Aidan Delgado is working to get the truth out.


His goal, he said, is to convince his listeners that the abuse of innocent Iraqis by the American military is not limited to "a few bad apples," as the military would like the public to believe. "At what point," he asked, "does a series of 'isolated incidents' become a pattern of intolerable behavior?"

The public at large and especially the many soldiers who have behaved honorably in Iraq deserve an honest answer to that question. It took many long years for the military to repair its reputation after Vietnam. Mr. Delgado's complaints and the entire conduct of this wretched war should be thoroughly investigated.
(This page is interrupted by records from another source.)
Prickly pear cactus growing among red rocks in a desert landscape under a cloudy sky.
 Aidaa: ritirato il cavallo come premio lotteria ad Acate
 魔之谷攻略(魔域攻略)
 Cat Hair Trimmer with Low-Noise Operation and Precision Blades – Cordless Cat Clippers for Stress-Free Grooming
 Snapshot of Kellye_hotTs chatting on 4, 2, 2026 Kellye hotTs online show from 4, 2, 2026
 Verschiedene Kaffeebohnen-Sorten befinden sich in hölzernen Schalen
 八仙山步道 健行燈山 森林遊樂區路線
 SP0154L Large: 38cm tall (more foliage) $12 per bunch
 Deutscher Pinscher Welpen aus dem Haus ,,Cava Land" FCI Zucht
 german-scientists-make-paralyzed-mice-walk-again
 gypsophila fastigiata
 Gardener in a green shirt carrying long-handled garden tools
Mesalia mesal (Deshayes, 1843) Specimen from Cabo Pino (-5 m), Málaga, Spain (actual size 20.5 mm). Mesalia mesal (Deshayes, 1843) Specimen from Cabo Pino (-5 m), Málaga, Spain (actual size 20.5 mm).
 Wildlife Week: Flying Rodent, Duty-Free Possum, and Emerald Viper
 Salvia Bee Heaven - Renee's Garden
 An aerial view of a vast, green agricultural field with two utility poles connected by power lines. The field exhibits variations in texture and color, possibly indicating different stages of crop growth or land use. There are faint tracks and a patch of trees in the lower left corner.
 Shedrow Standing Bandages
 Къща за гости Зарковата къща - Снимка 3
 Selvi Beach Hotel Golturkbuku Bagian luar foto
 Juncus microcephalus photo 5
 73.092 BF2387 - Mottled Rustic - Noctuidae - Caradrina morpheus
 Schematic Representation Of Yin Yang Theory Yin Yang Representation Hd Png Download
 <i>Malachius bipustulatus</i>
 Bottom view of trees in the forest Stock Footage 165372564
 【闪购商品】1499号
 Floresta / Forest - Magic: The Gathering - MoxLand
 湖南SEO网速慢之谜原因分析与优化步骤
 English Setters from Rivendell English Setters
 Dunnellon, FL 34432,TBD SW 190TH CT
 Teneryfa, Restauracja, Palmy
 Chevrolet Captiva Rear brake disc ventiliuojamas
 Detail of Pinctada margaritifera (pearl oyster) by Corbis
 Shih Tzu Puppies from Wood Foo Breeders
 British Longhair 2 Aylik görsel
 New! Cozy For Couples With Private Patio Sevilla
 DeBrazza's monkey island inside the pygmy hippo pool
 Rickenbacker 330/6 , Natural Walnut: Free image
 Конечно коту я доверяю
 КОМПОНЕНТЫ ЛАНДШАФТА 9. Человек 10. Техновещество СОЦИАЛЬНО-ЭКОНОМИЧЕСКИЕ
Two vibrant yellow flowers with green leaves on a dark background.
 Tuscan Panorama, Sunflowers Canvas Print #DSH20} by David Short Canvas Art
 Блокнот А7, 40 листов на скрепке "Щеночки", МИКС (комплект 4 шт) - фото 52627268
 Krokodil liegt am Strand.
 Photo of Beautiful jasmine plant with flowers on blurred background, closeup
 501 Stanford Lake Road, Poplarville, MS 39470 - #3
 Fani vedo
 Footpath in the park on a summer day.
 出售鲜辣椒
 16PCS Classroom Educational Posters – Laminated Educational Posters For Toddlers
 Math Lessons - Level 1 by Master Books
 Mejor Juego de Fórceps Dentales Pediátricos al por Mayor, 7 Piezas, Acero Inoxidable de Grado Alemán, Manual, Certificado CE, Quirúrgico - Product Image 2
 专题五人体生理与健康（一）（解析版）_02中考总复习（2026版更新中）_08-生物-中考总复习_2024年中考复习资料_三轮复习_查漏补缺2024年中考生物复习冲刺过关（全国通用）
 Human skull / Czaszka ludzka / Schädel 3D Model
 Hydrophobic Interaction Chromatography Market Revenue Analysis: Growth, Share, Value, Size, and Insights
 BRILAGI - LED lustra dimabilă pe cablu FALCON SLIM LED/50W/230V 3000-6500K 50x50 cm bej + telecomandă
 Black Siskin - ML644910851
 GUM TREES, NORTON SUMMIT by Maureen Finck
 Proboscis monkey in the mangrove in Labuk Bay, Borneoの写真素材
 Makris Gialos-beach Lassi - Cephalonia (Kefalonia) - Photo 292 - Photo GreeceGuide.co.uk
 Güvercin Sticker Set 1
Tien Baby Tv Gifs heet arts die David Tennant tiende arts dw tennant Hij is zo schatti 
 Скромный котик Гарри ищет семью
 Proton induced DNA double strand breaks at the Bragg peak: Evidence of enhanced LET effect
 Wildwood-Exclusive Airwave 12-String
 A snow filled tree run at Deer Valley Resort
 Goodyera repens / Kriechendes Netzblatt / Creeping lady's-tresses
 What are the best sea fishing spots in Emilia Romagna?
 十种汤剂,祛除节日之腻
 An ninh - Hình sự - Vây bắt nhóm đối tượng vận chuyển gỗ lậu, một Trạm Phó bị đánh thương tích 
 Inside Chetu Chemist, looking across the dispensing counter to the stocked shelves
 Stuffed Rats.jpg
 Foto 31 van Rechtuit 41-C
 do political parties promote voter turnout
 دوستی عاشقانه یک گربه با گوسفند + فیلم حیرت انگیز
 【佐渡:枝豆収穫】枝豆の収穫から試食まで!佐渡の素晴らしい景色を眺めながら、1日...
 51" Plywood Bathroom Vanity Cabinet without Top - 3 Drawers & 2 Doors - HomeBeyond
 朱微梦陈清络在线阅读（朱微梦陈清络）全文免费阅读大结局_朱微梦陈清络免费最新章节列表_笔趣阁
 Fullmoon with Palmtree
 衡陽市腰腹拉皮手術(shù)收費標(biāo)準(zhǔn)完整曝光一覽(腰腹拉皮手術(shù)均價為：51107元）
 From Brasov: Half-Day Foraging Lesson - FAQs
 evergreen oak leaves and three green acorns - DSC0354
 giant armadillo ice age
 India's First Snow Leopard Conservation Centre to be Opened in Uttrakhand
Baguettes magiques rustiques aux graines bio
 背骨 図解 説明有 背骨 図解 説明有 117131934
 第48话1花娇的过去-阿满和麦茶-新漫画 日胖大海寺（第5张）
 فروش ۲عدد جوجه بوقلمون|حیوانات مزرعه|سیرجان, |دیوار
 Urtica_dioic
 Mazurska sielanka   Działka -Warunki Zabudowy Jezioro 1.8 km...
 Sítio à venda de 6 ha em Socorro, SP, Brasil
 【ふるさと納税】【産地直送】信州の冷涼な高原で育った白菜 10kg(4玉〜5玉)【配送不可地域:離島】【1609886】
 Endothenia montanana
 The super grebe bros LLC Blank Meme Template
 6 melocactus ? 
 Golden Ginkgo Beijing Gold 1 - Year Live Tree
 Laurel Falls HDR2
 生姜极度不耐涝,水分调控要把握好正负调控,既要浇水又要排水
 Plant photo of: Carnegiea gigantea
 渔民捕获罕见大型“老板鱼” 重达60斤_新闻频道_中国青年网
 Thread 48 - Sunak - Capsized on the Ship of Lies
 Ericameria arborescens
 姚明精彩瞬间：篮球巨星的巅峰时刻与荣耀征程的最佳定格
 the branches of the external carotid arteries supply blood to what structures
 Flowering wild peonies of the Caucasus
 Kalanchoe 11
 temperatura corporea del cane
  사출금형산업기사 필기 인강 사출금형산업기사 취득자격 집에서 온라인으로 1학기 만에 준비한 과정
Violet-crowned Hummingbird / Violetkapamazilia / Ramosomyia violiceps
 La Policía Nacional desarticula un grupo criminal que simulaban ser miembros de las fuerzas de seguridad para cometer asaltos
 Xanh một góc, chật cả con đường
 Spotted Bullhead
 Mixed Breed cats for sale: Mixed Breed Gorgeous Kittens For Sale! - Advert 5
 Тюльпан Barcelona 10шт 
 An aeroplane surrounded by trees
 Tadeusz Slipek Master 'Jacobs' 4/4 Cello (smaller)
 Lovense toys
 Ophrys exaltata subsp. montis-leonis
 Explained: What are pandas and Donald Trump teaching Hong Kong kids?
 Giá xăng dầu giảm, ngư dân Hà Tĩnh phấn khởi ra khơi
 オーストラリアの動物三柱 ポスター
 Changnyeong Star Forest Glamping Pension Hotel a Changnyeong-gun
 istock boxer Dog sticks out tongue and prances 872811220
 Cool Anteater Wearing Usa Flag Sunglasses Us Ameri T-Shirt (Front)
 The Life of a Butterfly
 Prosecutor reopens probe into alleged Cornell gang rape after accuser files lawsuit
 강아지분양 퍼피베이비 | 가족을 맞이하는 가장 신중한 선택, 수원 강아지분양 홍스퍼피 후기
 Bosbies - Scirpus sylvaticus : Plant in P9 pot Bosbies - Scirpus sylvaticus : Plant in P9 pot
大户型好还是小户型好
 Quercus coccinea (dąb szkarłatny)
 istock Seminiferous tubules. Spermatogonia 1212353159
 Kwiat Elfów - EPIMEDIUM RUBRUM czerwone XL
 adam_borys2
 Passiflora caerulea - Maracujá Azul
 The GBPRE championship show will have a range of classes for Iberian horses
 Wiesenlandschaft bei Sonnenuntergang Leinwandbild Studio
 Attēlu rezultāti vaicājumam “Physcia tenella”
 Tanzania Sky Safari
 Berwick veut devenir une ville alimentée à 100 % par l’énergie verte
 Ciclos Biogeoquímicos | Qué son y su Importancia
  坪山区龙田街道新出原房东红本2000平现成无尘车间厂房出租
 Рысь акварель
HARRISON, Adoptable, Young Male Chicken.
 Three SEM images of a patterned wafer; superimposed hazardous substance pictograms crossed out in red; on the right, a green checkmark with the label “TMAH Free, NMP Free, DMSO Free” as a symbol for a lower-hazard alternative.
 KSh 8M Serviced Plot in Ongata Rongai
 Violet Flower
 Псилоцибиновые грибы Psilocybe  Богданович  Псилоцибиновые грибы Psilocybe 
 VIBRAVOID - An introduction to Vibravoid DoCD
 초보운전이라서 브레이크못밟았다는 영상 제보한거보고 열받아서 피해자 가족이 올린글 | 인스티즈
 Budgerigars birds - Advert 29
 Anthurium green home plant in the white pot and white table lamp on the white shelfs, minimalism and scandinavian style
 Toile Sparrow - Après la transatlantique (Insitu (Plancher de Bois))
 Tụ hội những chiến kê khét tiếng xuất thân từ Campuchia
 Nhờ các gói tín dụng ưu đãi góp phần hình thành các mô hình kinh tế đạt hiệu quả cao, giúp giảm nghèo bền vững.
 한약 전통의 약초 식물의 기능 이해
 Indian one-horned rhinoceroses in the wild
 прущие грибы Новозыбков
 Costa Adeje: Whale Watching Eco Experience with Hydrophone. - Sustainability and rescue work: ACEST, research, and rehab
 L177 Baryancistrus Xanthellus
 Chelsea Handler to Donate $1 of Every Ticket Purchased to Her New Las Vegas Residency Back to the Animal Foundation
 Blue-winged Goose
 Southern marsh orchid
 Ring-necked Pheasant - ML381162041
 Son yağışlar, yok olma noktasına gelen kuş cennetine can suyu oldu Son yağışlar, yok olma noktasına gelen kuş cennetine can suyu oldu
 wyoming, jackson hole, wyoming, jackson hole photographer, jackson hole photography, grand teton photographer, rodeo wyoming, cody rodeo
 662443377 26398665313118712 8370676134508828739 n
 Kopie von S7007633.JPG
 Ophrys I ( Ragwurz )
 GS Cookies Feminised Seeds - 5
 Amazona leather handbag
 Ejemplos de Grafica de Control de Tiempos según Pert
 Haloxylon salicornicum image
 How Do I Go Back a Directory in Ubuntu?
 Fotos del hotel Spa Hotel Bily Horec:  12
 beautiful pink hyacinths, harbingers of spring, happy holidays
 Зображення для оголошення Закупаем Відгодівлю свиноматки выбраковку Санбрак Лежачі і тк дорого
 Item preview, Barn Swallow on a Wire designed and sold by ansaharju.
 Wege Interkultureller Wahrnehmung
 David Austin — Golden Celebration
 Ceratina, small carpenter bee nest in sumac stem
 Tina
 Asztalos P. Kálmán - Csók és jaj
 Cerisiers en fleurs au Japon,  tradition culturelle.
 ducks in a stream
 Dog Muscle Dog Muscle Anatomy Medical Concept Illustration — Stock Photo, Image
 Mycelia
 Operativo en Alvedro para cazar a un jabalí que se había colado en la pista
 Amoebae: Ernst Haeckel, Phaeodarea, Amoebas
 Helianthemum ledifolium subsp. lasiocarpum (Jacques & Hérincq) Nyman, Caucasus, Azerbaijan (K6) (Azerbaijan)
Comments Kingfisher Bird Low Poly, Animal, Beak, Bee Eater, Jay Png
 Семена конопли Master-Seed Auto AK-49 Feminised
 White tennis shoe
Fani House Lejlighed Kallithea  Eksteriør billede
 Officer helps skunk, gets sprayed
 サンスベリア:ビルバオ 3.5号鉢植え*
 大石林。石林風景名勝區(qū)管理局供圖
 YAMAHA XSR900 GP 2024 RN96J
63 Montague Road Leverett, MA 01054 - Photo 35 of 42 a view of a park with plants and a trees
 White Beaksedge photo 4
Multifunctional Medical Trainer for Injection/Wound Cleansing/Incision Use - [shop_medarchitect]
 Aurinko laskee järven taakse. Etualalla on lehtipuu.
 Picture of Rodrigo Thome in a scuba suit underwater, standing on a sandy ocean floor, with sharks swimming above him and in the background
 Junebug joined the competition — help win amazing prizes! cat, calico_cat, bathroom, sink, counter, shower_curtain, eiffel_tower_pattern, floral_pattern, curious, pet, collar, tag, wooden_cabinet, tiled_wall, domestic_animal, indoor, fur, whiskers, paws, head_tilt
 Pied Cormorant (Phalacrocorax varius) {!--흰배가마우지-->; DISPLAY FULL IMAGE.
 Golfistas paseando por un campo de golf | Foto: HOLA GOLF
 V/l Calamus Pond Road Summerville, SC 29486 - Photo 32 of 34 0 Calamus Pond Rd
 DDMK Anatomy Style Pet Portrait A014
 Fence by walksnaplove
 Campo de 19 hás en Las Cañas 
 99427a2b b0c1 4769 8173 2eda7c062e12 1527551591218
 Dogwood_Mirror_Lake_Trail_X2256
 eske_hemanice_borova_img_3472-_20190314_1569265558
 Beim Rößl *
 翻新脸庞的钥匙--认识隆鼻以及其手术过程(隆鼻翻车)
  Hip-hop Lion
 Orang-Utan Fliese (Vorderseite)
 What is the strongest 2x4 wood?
http://www.nytimes.com/2005/05/05/opinion/05herbert.html?

1 comment:

zelda1 said...

I like to think that our military is honorable, that the men and women doing the president's bidding are going to treat the Iraqi prisoners humainly and that the civilians will be protected. Unfortuantely, I have read about the people who live in war zones and how they are eventually seen as a burden and then as less than human. It has to do with the psychology of the soldier being far from home and missing his family thereby holding a grudge and eventually he sees those he is sent there to protect as the ones keeping him away from his own life. Then there is the group rape mentality where they are all together and one sees or does something that the others feel they have to follow suit. It's almost like the way that slave holders dehumanize the slaves so they could justify their treatment and keeping them in bondage. Where slavery corrupted the family, religion, morals, and all of the other characteristics of good in both the master and the slave, I believe war corrupts. A normally decent individual goes to battle and soon, he or she sees everyone in that particular society as the enemy and their life as having little worth. How else could they kill their enemy? And just like Vietnam, the press is keeping the people here in the United States safe from the horrors that are going over there because if we knew, we might protest louder and with more vigor those things that we are already really pissed off about. Namely sending our troops to fight a war so that the stupid bushwackers can get more oil, revenge, and have a name in history as being a really good, good ole boy.